Exercise directions: Copy nothing but the lines below, from the one with "Hoa Cánh Sao Chapter 109 - 48" through the one with "Glenn Gould The Complete Bach Collection Glenn", exactly as written; no pictures should appear.

Data for review:
----

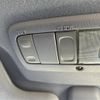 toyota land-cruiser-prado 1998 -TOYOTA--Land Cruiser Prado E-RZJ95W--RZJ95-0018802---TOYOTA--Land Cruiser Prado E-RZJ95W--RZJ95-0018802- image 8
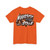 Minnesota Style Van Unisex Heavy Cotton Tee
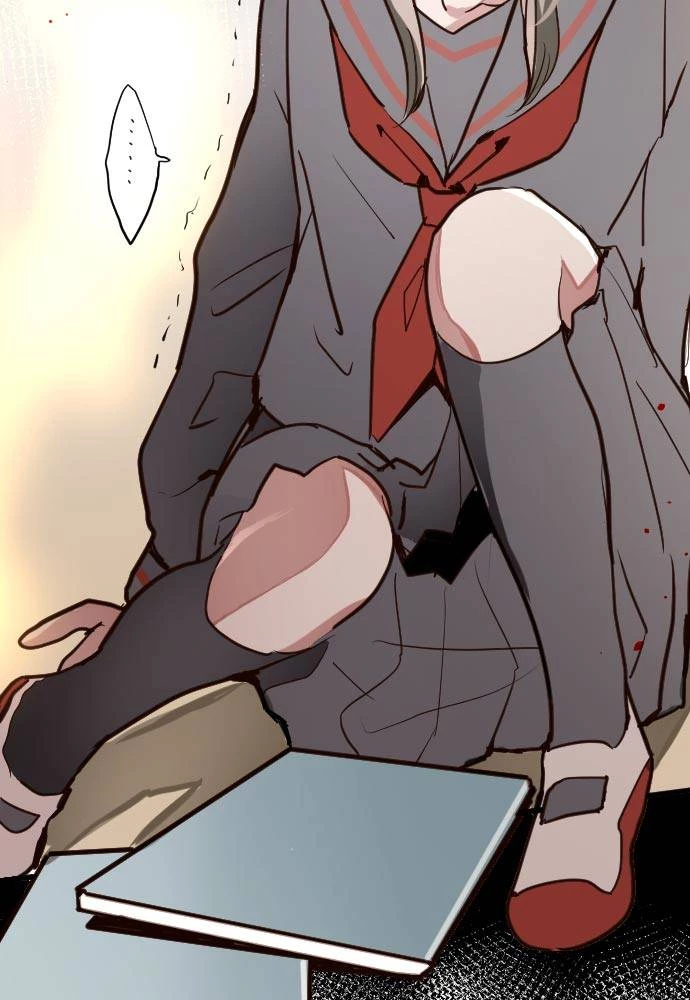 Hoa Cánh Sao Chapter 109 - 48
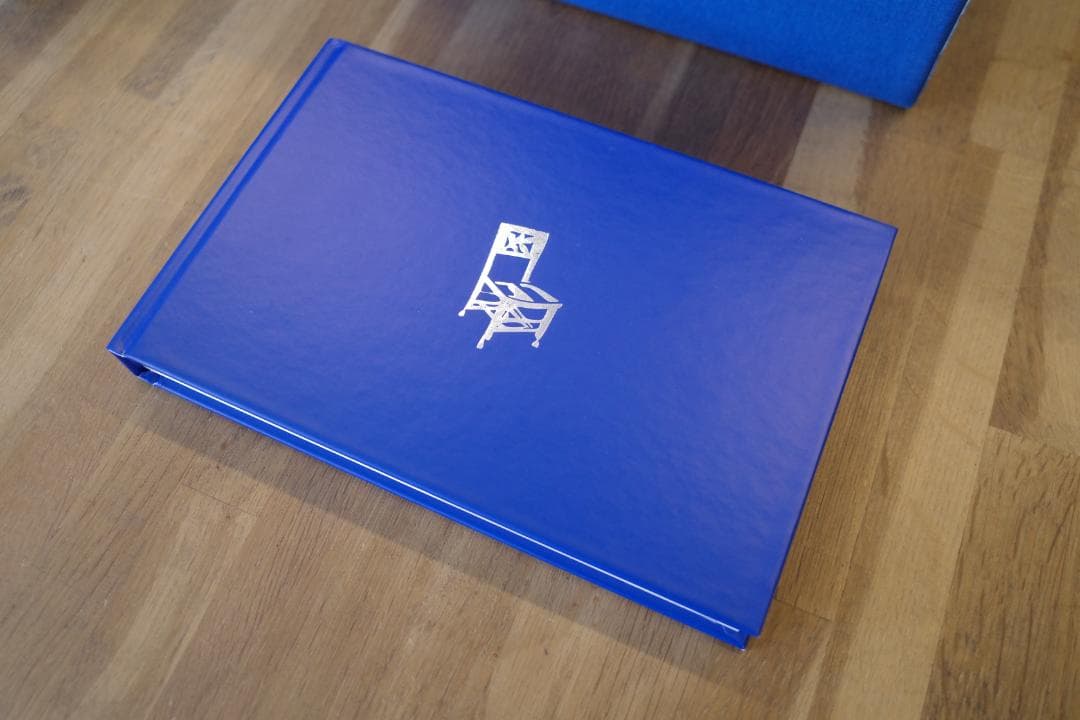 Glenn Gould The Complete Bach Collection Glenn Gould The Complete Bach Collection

----

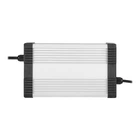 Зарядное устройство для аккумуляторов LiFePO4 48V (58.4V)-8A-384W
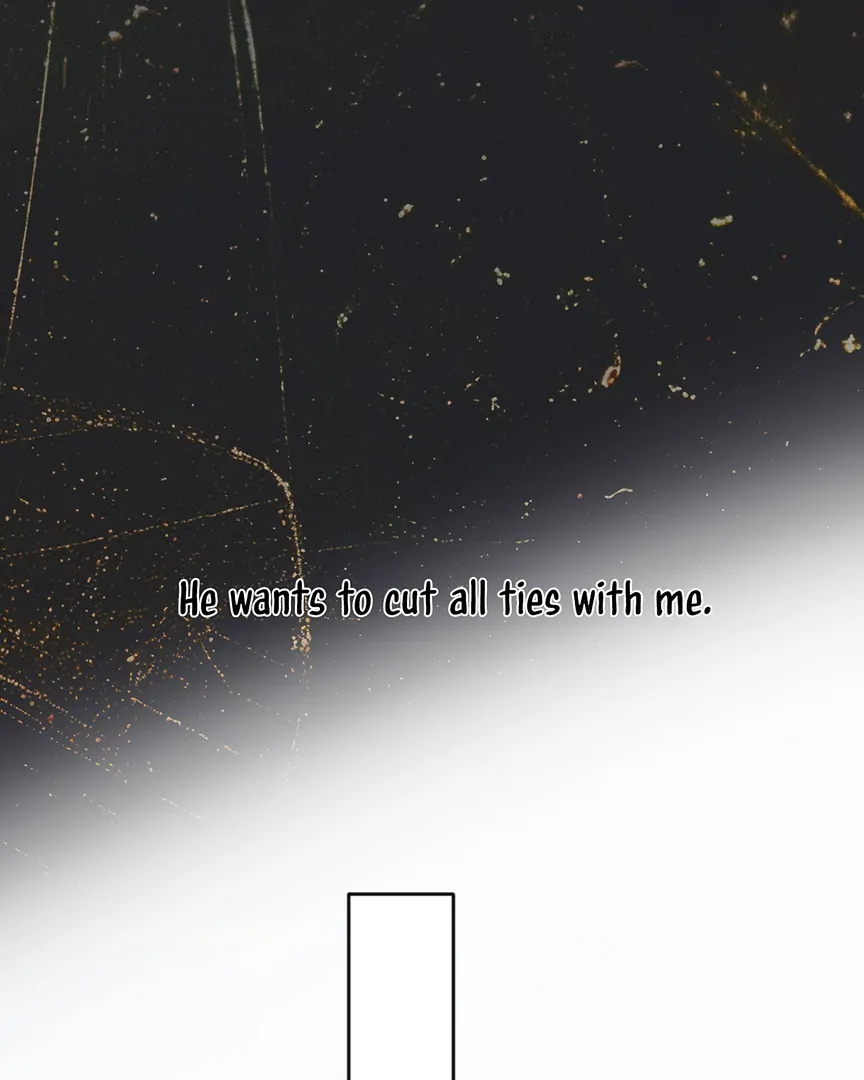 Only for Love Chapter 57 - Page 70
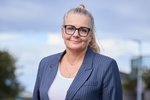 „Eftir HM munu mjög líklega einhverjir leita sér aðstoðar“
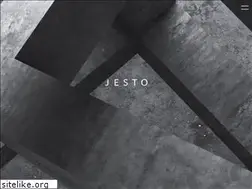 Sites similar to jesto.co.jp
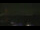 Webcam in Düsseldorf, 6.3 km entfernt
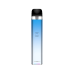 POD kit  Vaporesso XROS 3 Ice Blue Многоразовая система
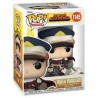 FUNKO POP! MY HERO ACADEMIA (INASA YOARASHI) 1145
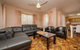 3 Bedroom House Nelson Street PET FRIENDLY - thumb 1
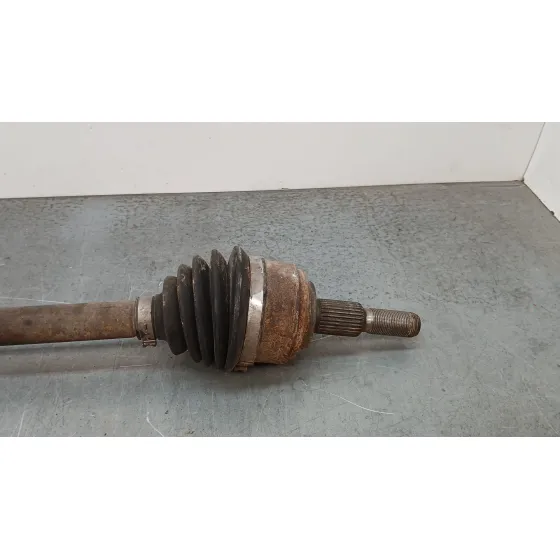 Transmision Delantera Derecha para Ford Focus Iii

----

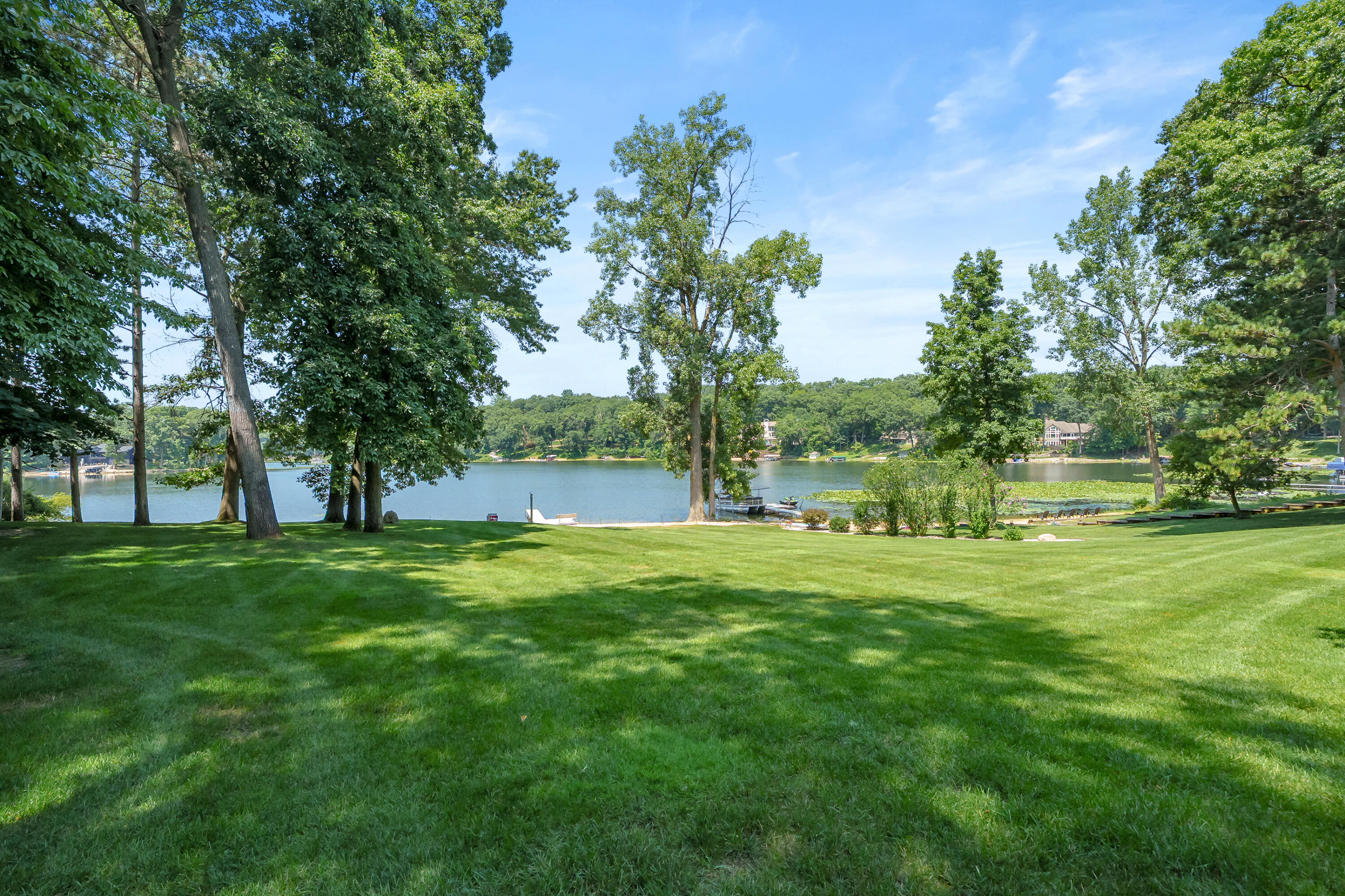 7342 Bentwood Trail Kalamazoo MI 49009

----

Exercise output:
 Hoa Cánh Sao Chapter 109 - 48
 Glenn Gould The Complete Bach Collection Glenn Gould The Complete Bach Collection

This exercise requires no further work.